What to work on » Somewhere below are a line with "Apartamentos com 95m², 3" and a later line with "Tesla Model Y 2021". Output exactly those lines and all lines between them.
*** Opening Data under study ***
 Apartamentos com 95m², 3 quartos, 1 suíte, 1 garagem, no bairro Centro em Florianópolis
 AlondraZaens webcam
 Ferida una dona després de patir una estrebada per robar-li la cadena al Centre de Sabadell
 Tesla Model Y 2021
*** Closing Data under study ***
*** Opening Data under study ***
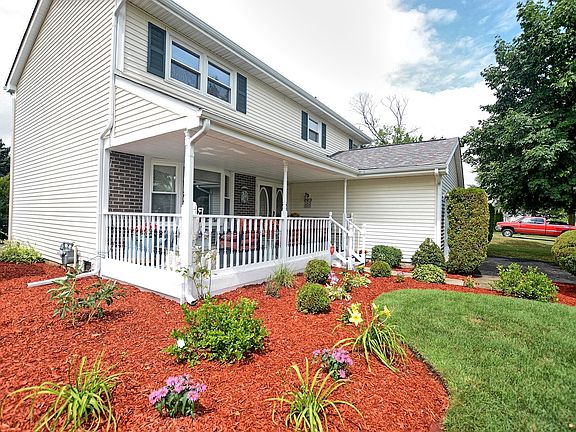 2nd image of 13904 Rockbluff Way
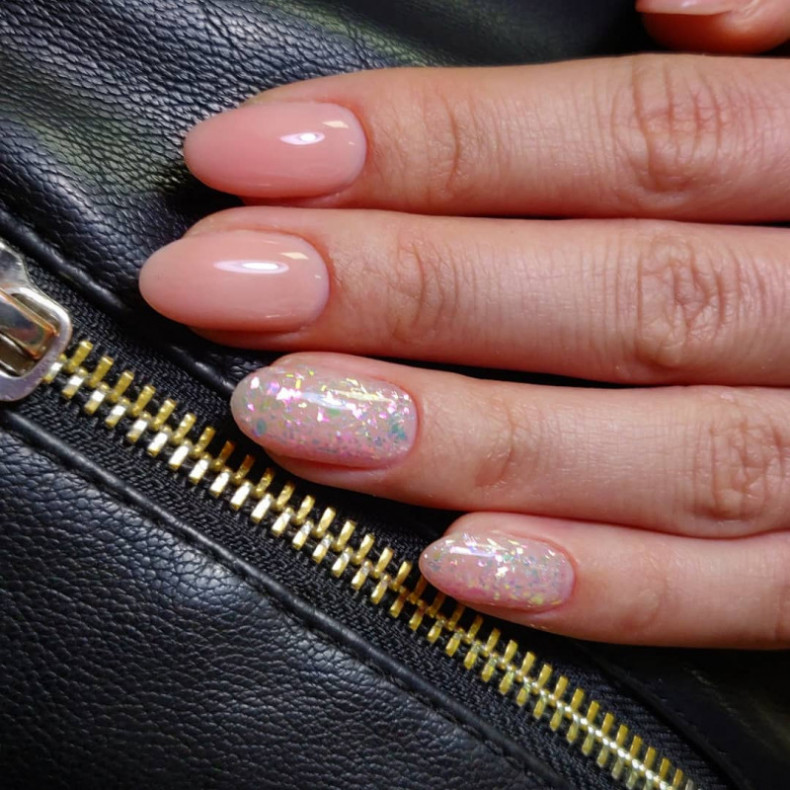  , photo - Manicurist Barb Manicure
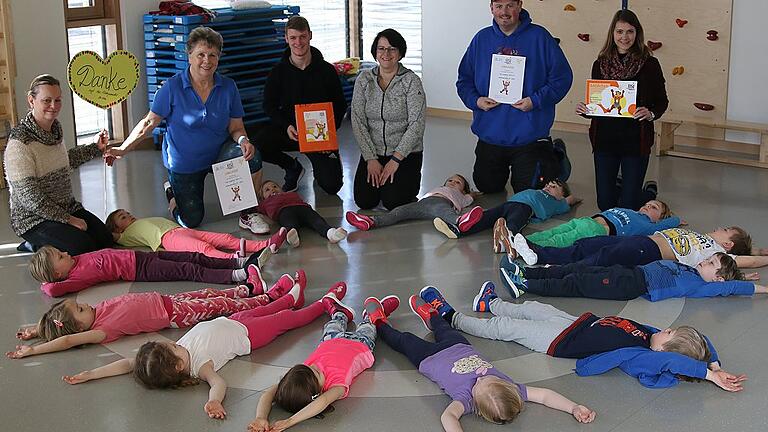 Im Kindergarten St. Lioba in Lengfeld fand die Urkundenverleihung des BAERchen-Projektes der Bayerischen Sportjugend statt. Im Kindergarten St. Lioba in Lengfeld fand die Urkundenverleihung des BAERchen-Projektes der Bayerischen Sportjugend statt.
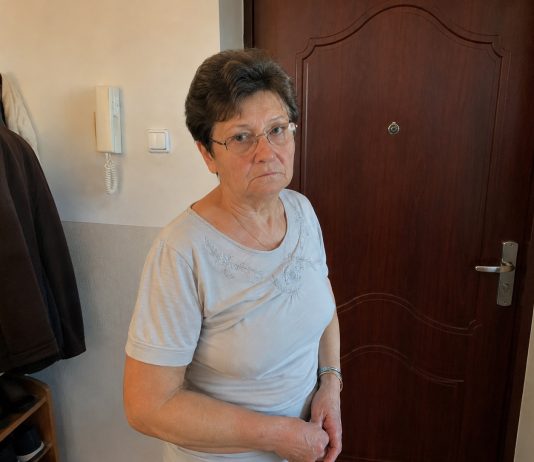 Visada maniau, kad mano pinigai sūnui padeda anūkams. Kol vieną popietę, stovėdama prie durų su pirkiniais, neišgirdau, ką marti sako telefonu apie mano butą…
*** Closing Data under study ***
Task output »
 Apartamentos com 95m², 3 quartos, 1 suíte, 1 garagem, no bairro Centro em Florianópolis
 AlondraZaens webcam
 Ferida una dona després de patir una estrebada per robar-li la cadena al Centre de Sabadell
 Tesla Model Y 2021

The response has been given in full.